The Irish middleweight said he was aware of the rough way the night’s
fights were going but was also prepared for the roughhouse tactics due
to previous experience.
“Yeah I heard that, but me and [heavyweight teammate] Sean Turner from
Ireland as well, we come from the European style of boxing. We know
Russians,” said Quigley. “We know they'll come to fight and rough you up
if they have to. I'm used to that. Boxing always beats that. It's not
MMA its boxing and skill will always beat that.”
As for his power in the pros, the jury is still out according to Quigley.
“Too early to tell,” he said. “That guy was a 26 year old man. He's a
strong guy. I may never have as much power as him but if you land a shot
on the right point, he's going down. Doesn't matter if he can bang or
not. It’s all about taking your time and picking your shots. I never go
for a knockout unless you need it.
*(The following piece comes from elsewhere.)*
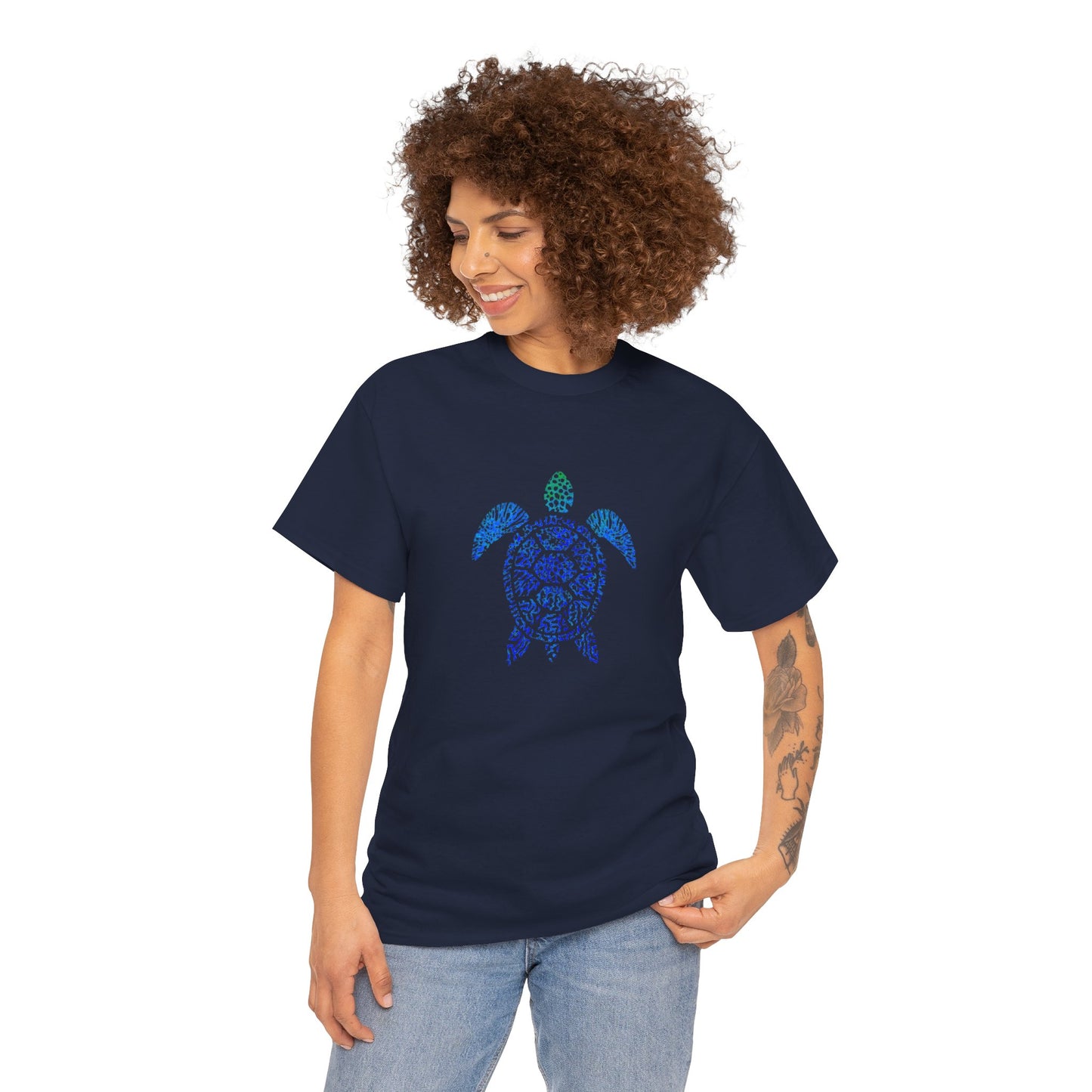 Turtle & Coral Print T-Shirt | Soft Cotton | Unisex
It’s all just I wait for shots to
come and if it comes it comes.”
As for the rest of the night, in the remaining two bouts the Matadors
split. Light heavyweight Siju Shabazz dropped a unanimous decision to
Danil Shved, 48-47, 48-47 and 49-46. Matador heavyweight David Imoesiri
took a decision over Vitaly Kudukhov in an awkward fight that featured
even more WWE action. But it didn’t matter as the Matadors had already
three of the needed victories in this best of five match and now sit 2-2
on the season after dropping a 5-0 loss to Venky’s Mumbai Fighters this
week. In Group A, in which the Matadors sit in fifth place, they are
tied with each team at 20 wins with each team. They return home to The
Music Box in Hollywood, CA against the Bangkok Elephants December 18. In
action will be team captain and 3-time Olympian bantamweight Rau’Shee
Warren, Jason Quigley, , heavyweight Sean Turner, lightweight Leonid
Malkov and light heavyweight Siju Shabazz..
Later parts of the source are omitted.